[Exercise description] Once "Audi A6L, 2020 3" turns up in a line below, reproduce that line and those after it exactly, stopping after the line with "Fotografie 8: 06"; leave pictures out.

[Exercise input]
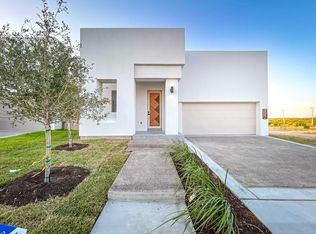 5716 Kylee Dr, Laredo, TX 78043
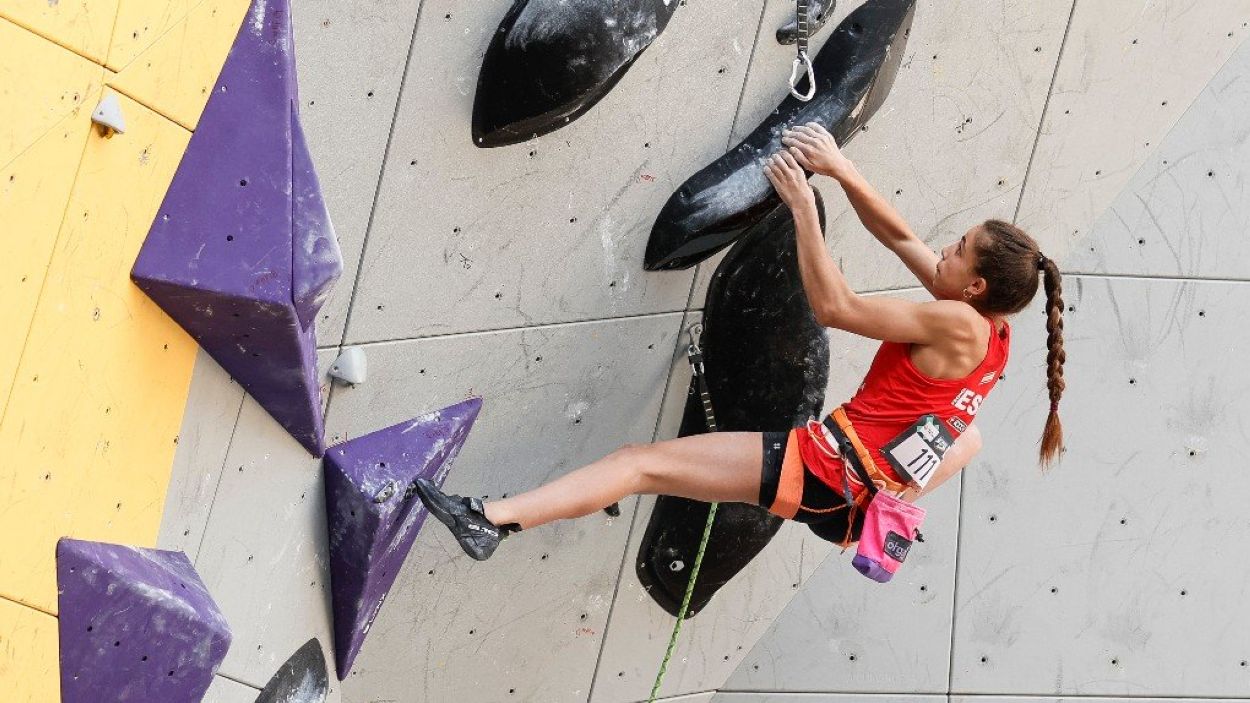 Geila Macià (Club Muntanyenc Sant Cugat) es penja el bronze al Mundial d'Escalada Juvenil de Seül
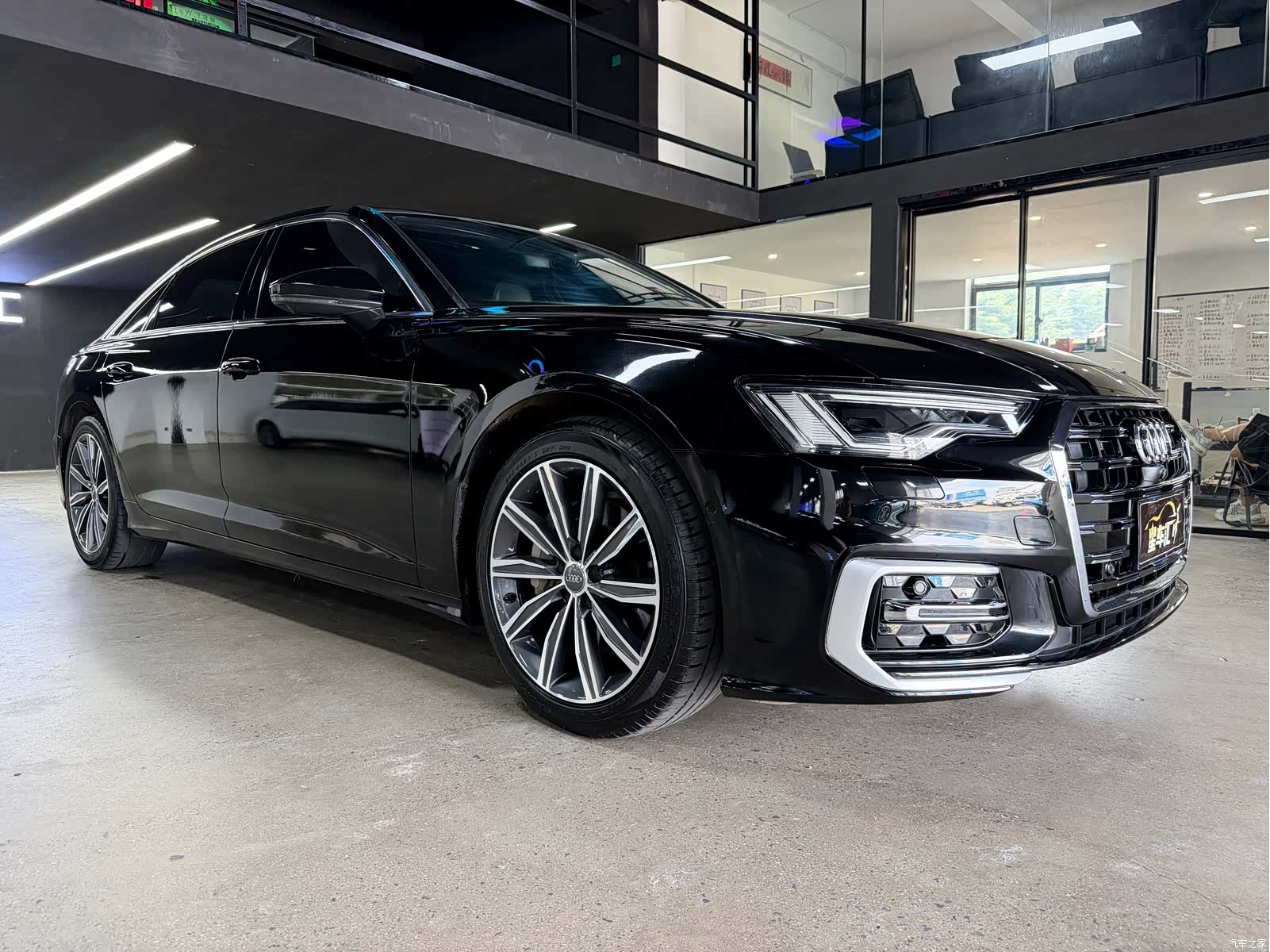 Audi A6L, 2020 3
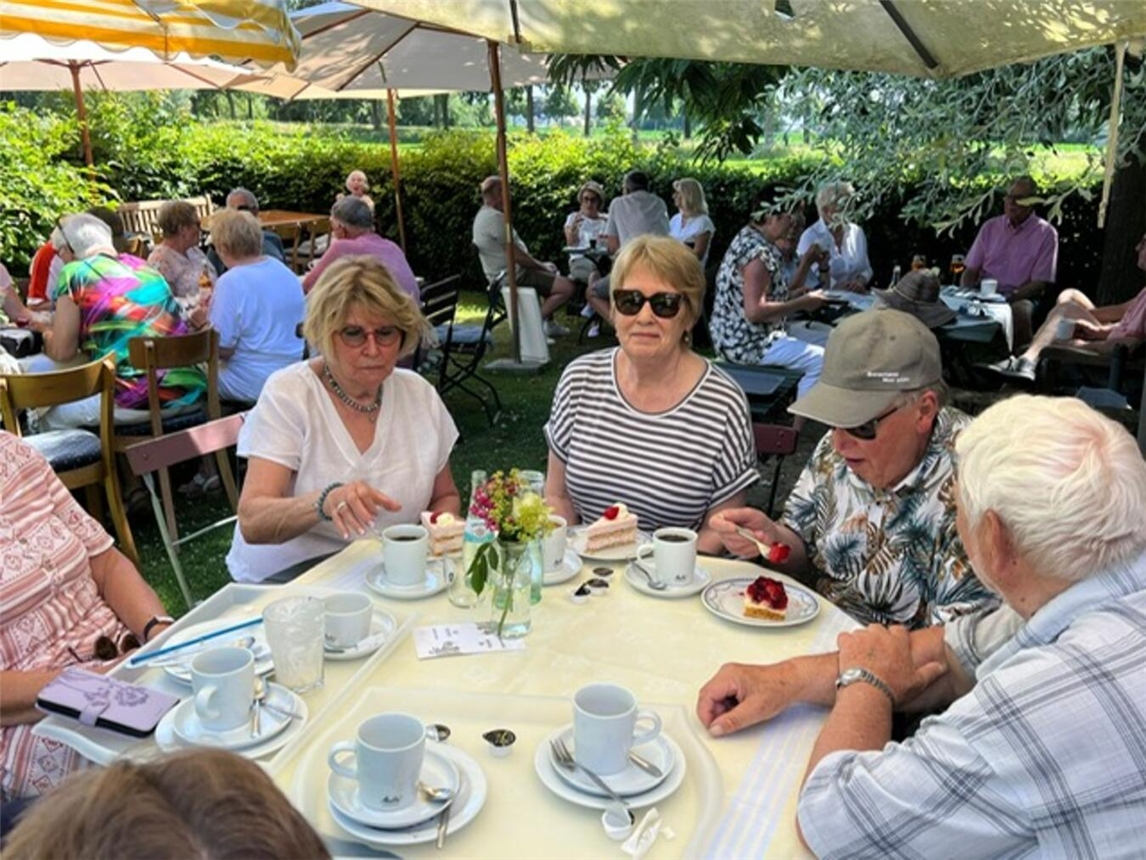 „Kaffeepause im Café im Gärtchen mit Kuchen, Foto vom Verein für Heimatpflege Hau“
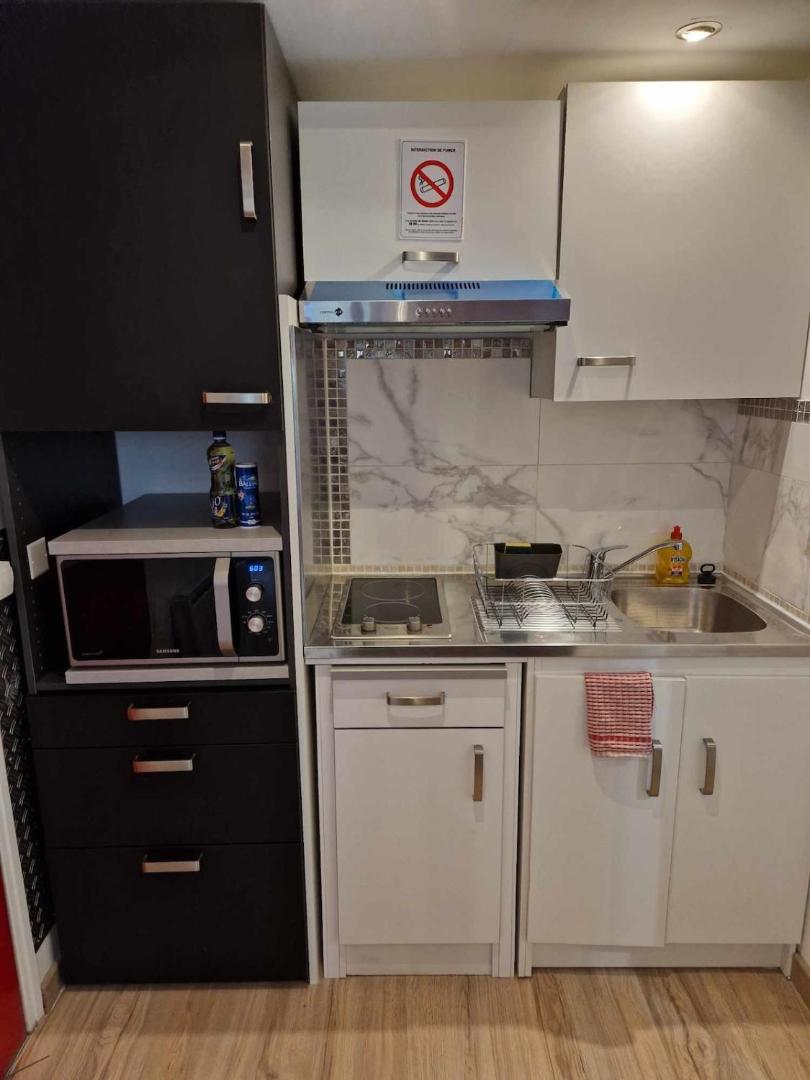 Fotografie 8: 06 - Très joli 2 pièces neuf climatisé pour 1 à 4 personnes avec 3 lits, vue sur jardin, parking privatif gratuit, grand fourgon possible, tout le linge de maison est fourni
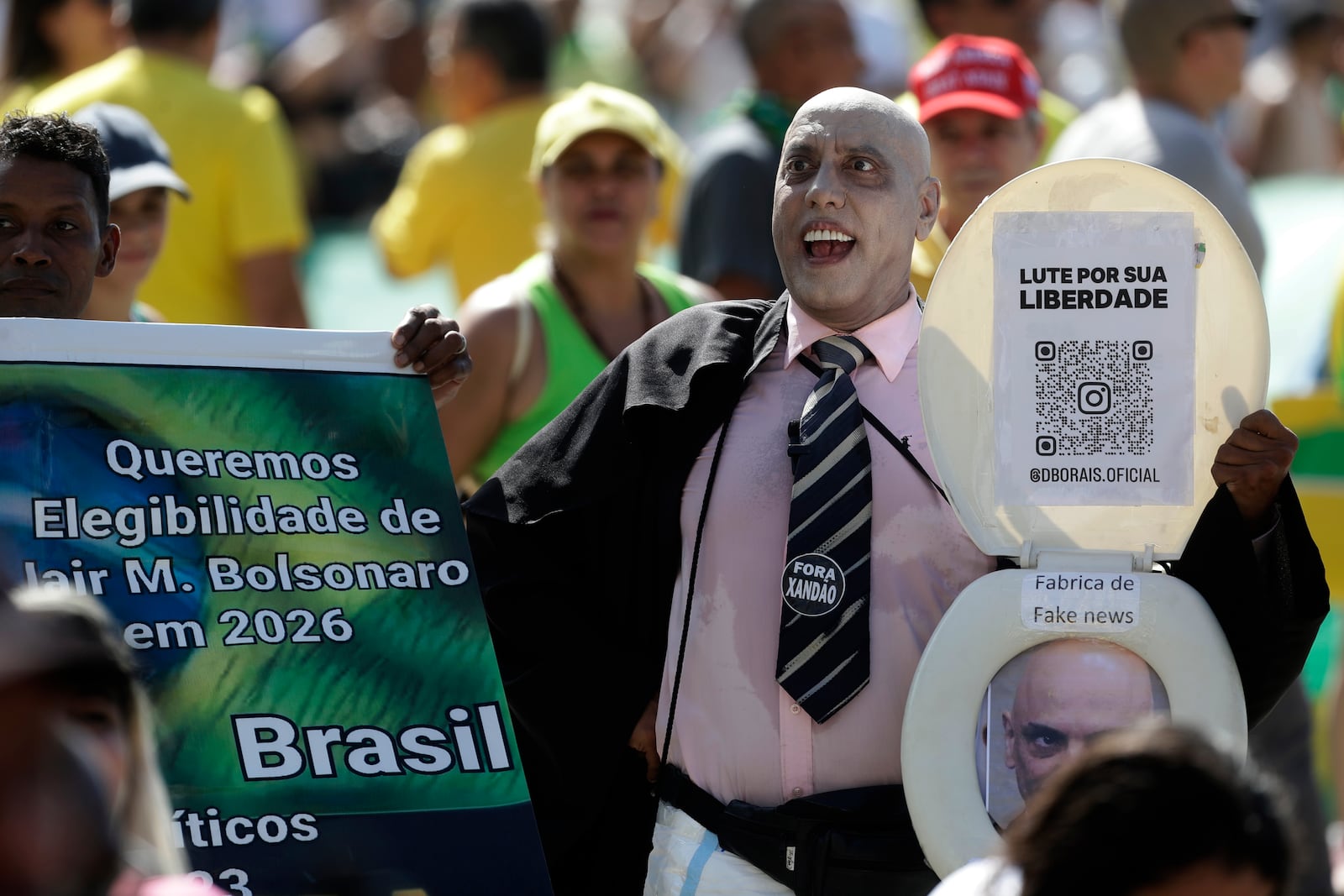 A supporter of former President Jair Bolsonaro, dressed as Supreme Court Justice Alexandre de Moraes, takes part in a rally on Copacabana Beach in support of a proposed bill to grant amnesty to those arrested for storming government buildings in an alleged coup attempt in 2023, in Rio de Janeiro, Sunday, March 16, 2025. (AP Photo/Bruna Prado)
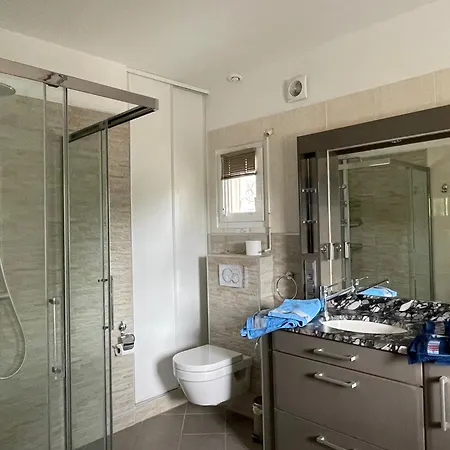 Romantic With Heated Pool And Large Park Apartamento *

[Solution for this exercise]
 Audi A6L, 2020 3
 „Kaffeepause im Café im Gärtchen mit Kuchen, Foto vom Verein für Heimatpflege Hau“
 Fotografie 8: 06 - Très joli 2 pièces neuf climatisé pour 1 à 4 personnes avec 3 lits, vue sur jardin, parking privatif gratuit, grand fourgon possible, tout le linge de maison est fourni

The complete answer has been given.